**EXERCISE REQUIREMENTS:** Reproduce the whole listing below without its pictures, exactly as written.

-- RECORDED INFORMATION follows --

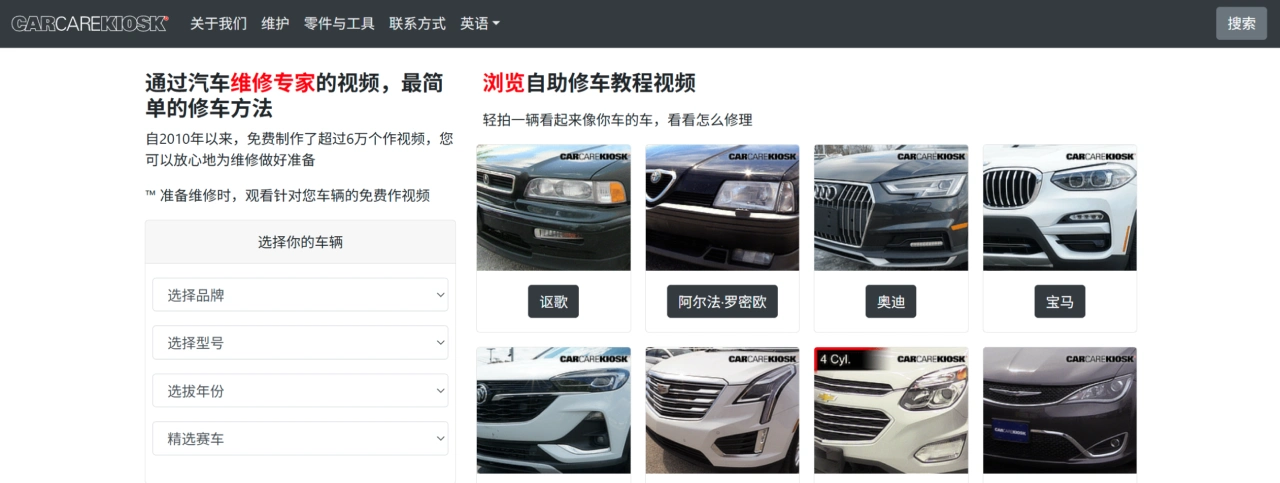 CarCareKiosk – 免费修车教程视频 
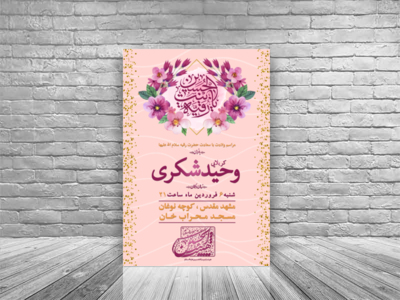 اطلاعیه-ولادت-حضرت-رقیه-(س)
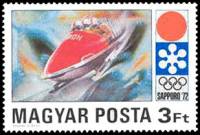 (1971-082) Марка Венгрия "Бобслей"    Зимние Олимпийские Игры 1972, Саппоро II Θ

-- RECORDED INFORMATION concluded --

**SOLUTION TO THE PROBLEM:**
 CarCareKiosk – 免费修车教程视频 
 اطلاعیه-ولادت-حضرت-رقیه-(س)
 (1971-082) Марка Венгрия "Бобслей"    Зимние Олимпийские Игры 1972, Саппоро II Θ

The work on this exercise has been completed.